Data excerpt:
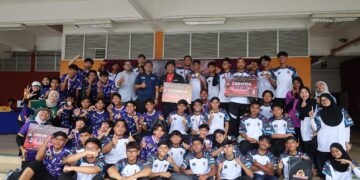 BARISAN pemenang kejohanan bola jaring lelaki yang disempurnakan oleh Dekan Fakulti Sains Rekreasi UiTM Profesor Madya Dr. Raja Mohammed Firhad Raja Azidin di Pusat sukan UiTM Shah Alam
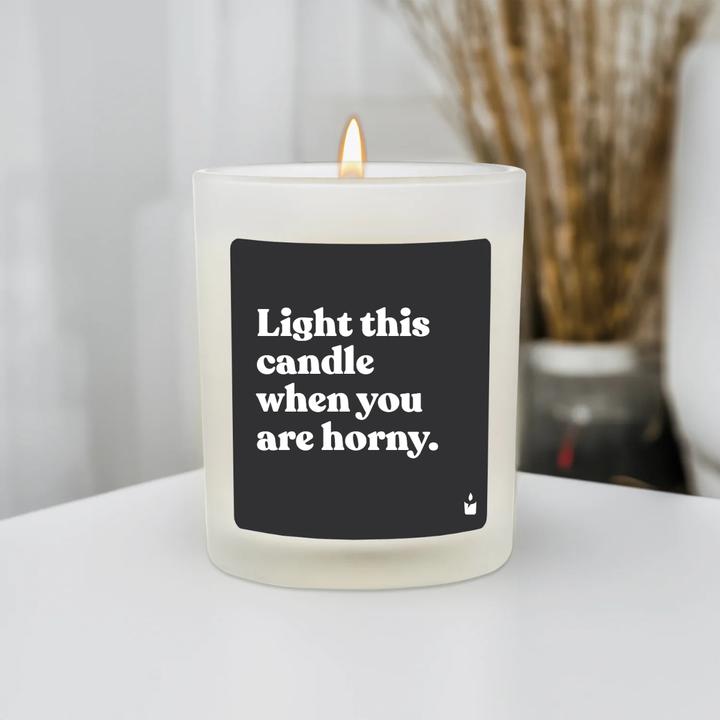 Image du produit Chatty Candles Bougie parfumée Woody Light this candle when you miss us.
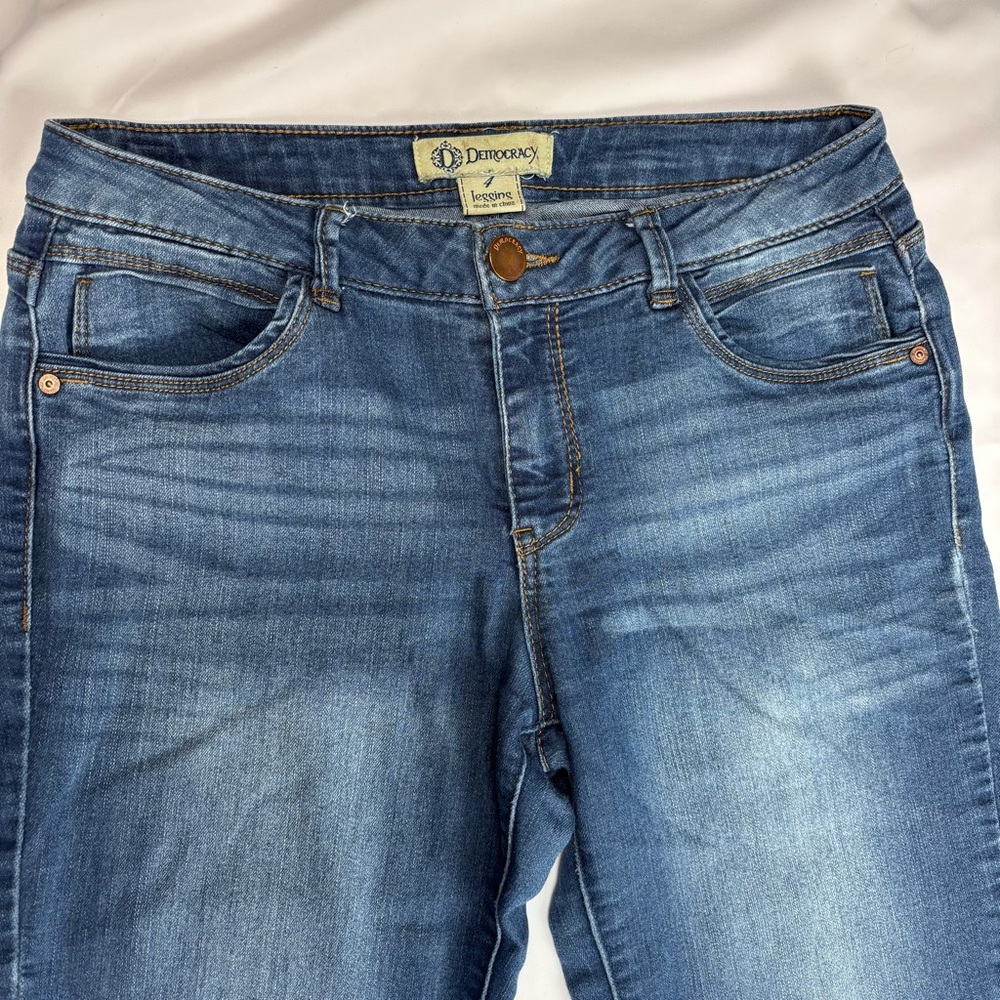 Democracy Blue Jeggings with Stretch Denim and Faded Look size 4. Nice Condition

Task instructions:
All lines of the listing must be given again exactly, excluding the pictures.

Output below:
 BARISAN pemenang kejohanan bola jaring lelaki yang disempurnakan oleh Dekan Fakulti Sains Rekreasi UiTM Profesor Madya Dr. Raja Mohammed Firhad Raja Azidin di Pusat sukan UiTM Shah Alam
 Image du produit Chatty Candles Bougie parfumée Woody Light this candle when you miss us.
 Democracy Blue Jeggings with Stretch Denim and Faded Look size 4. Nice Condition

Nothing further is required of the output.